Zależność

Poniedziałek, XXIX Tydzień Zwykły, rok I, Łk 12,13-21

Ktoś z tłumu rzekł do Jezusa: «Nauczycielu, powiedz mojemu bratu, żeby się podzielił ze mną spadkiem». Lecz On mu odpowiedział: «Człowieku, któż Mnie ustanowił nad wami sędzią albo rozjemcą?» Powiedział też do nich: «Uważajcie i strzeżcie się wszelkiej chciwości, bo nawet gdy ktoś ma wszystkiego w nadmiarze, to życie jego nie zależy od jego mienia». I opowiedział im przypowieść: «Pewnemu zamożnemu człowiekowi dobrze obrodziło pole. I rozważał w sobie: „Co tu począć? Nie mam gdzie pomieścić moich zbiorów”. I rzekł: „Tak zrobię: zburzę moje spichlerze, a pobuduję większe i tam zgromadzę całe moje zboże i dobra. I powiem sobie: Masz wielkie dobra, na długie lata złożone; odpoczywaj, jedz, pij i używaj!” Lecz Bóg rzekł do niego: „Głupcze, jeszcze tej nocy zażądają twojej duszy od ciebie; komu więc przypadnie to, co przygotowałeś?” Tak dzieje się z każdym, kto skarby gromadzi dla siebie, a nie jest bogaty u Boga».

 

Dzisiaj Jezus przypomina nam, od czego tak naprawdę zależy nasze życie, to ziemskie, a przede wszystkim to wieczne.

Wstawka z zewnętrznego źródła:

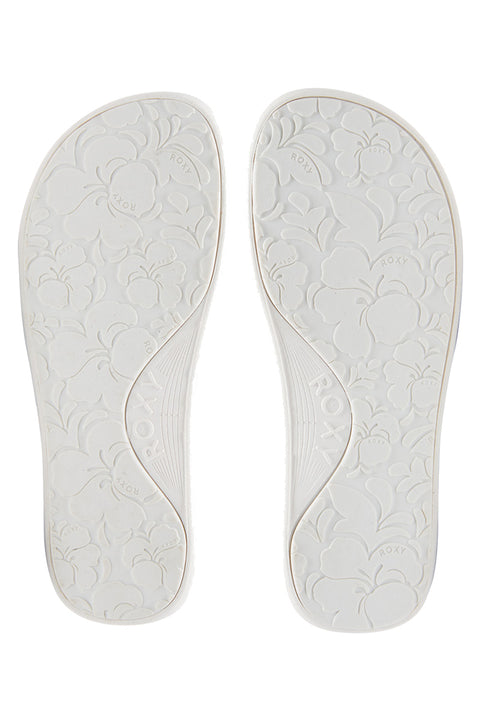 Roxy Slippy Water-Friendly Sandals- White / Stripe - Bottom
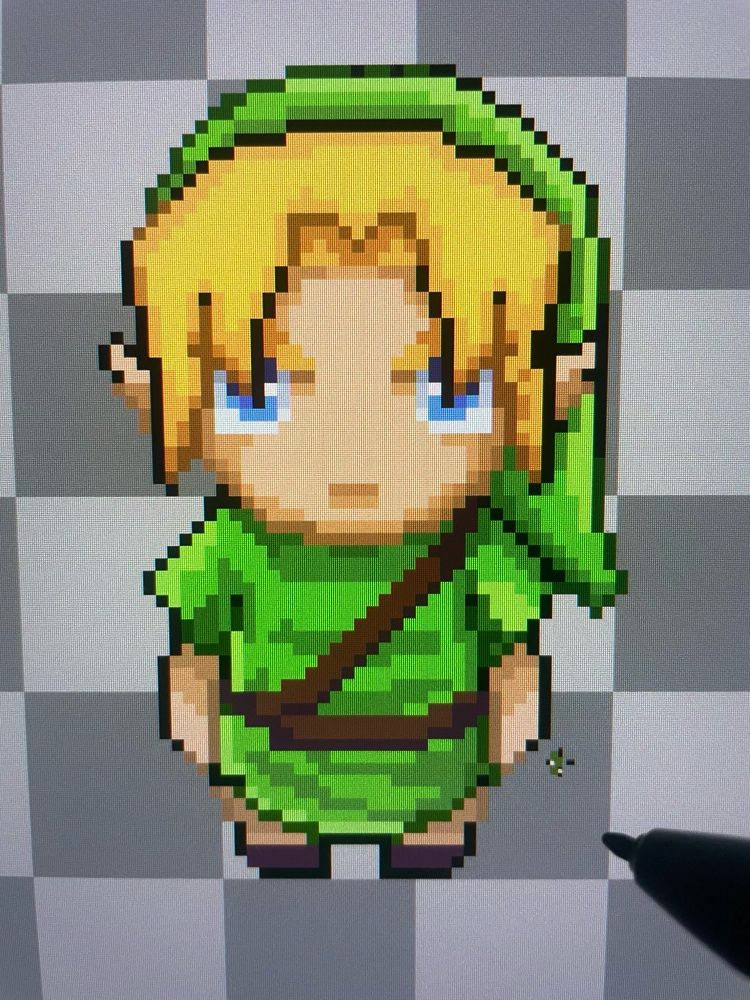 Pixel bird perspective model of child link from zelda ocarina of time 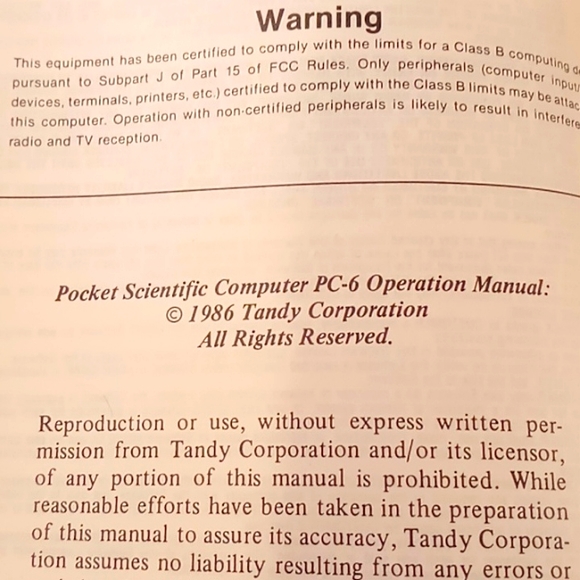 Tandy PC-6 Pocket Scientific Computer Operation Manual - Picture 3 of 4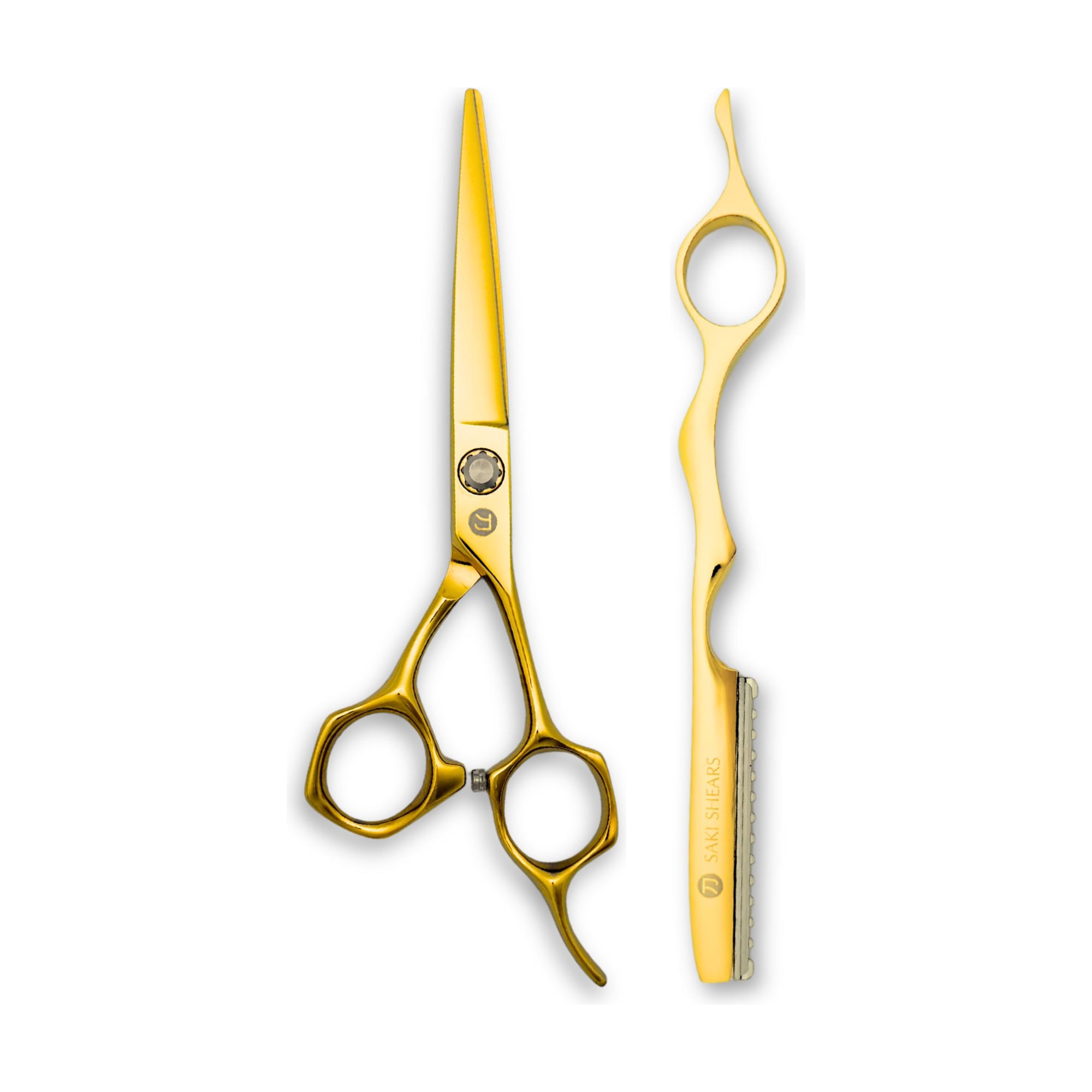 Musashi 6" Hair Cutting Shears & Matching Razor Set — Gold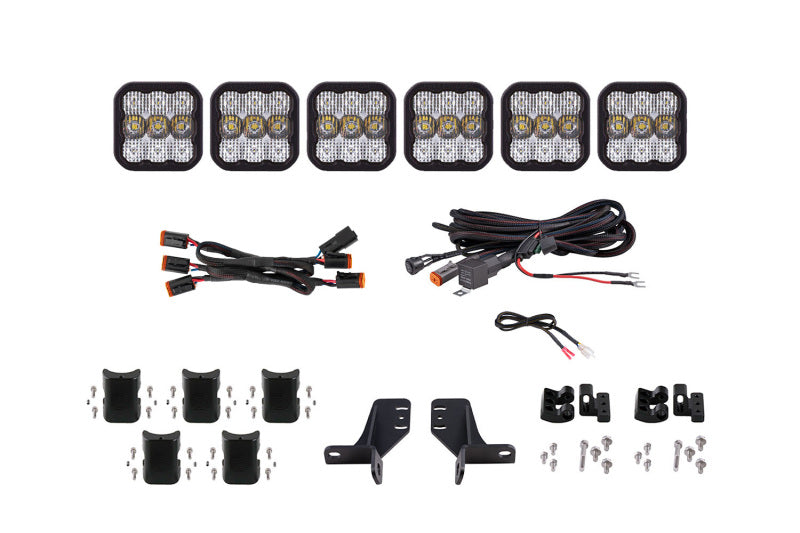 Diode Dynamics Bronco SS5 6-Pod CrossLink Grille Lightbar Kit Sport - White Combo DD7235 DD7235 Photo - Primary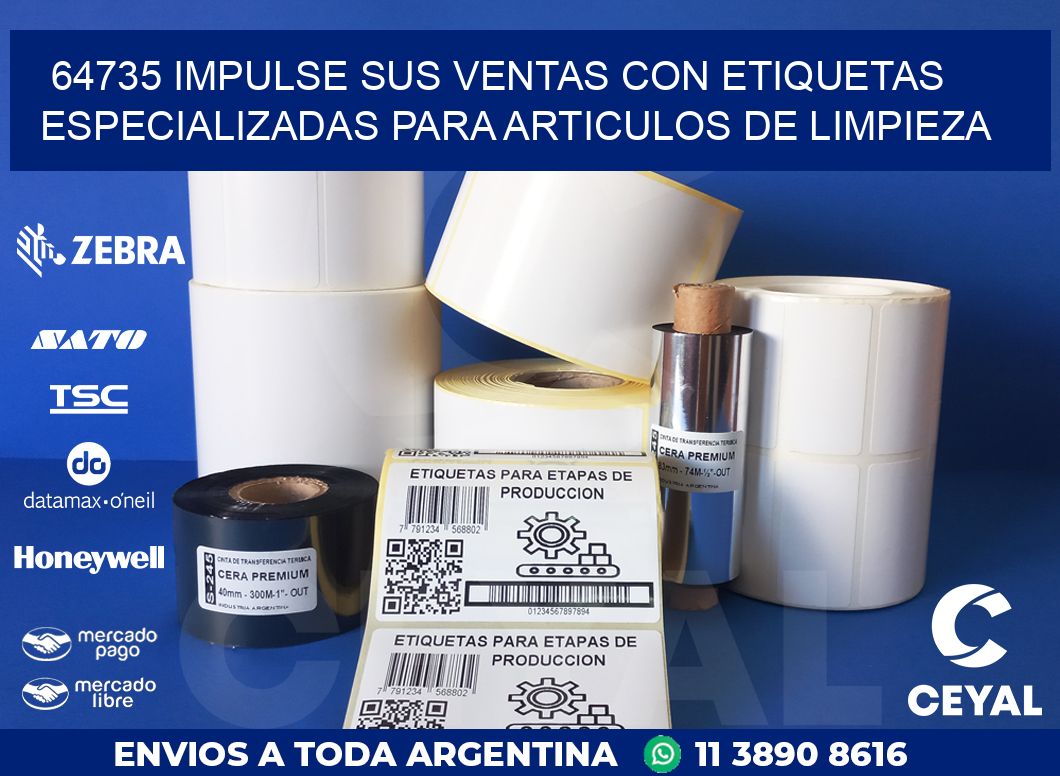 64735 IMPULSE SUS VENTAS CON ETIQUETAS ESPECIALIZADAS PARA ARTICULOS DE LIMPIEZA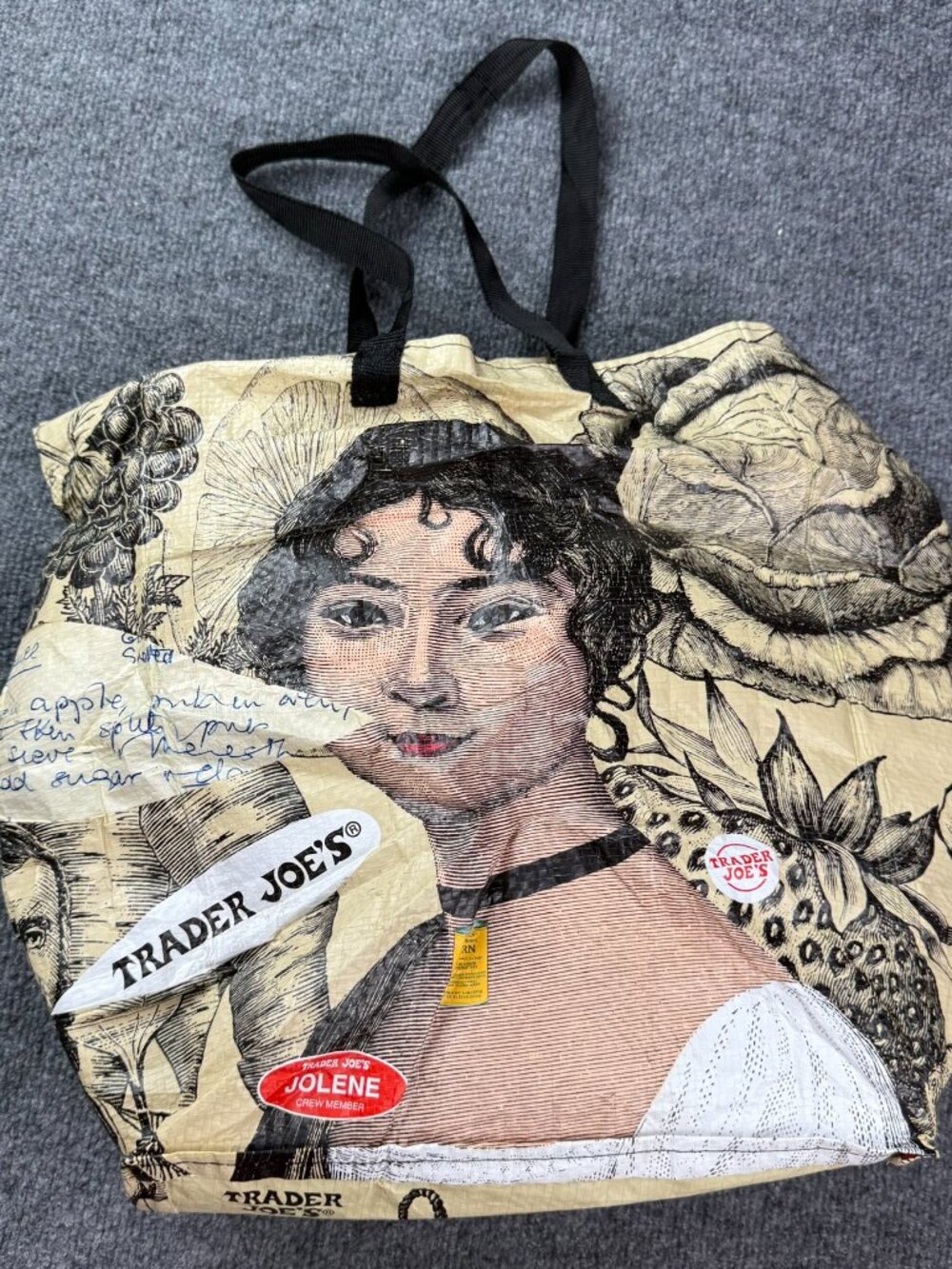 Trader Joe's Vintage Portrait Reusable Shopping Grocery Tote Bag Joni Jolene Art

Niewiele jest osób, które nie są łase na dobra materialne. Jezus o tym wie, wie o naszej skłonności do oceniania lepiej tych, którzy mają więcej, lepiej się ubierają, mają w związku z tym lepsze koneksje. Wie i dlatego nas przestrzega, byśmy nie wpadli w pułapkę zastawioną przez tego, który ma moc po śmierci wtrącić nas do piekła.

Jezusowi zależy na każdym z nas tak jak nikomu innemu. Kocha Ciebie i mnie i dlatego przestrzega. Od nas zależy, na ile te słowa będą naszymi słowami życia.